Lasdun has been honored with a Guggenheim Fellowship in poetry, and in 1999 won the London Times Literary Supplement Poetry Competition.

Lydia Davis

Lydia Davis teaches for the University at Albany English department as well as the Writers Institute. (Photo by Dominick Figliomeni)

Davis, the author of The Collected Stories of Lydia Davis, is one of two MacArthur Fellowship "genius" awardees on the UAlbany campus (the other being NYSWI founder and Executive Director William Kennedy).

Davis teaches for the University at Albany English department as well as the Writers Institute, where she has in the recent past conducted Master Classes in Fiction.

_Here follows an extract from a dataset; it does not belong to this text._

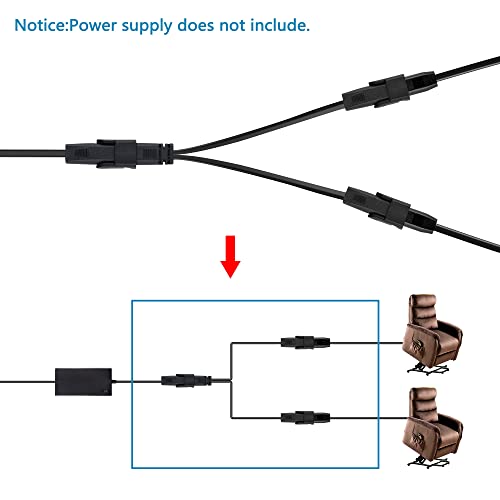6.6FT 2-Pin Power Splitter Cable for Recliner Motors - 47 Inch Y Cord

"The UAlbany writing students have been very receptive and hard-working, in my experience teaching here, and I greatly enjoy being able to spend so many weeks discussing with them the various elements that go into making an effective piece of imaginative writing," said Davis.

The Collected Stories compiles many of her works to date, including Varieties of Disturbance, a 2007 National Book Award finalist. Davis has an uncanny ability to boil down an entire short story to a few pages, a single page or even a paragraph.

Joyce Carol Oates assessed the Collected Stories as "sharp, deft, ironic, understated, and consistently surprising."

Vince Passaro, writing in O, The Oprah Magazine, called Davis "one of the best writers in America."

Davis is also one of the most respected translators into English of French literary fiction. On leave this semester, she has been working on a major new translation of Gustave Flaubert's Madame Bovary, which she just completed. 

Writing Fellows are the core faculty for the NYSWI Writing Fellows Program, designed to bring in emerging writers of the highest order and work with them on highly focused projects.

"The Writing Fellows also teach in our tuition-free Community Workshop Program," said NYSWI Director Donald Faulkner. "Our other Writing Fellows are Edward Schwarzschild, Lynne Tillman, and Rebecca Wolff. We are quite proud of them all."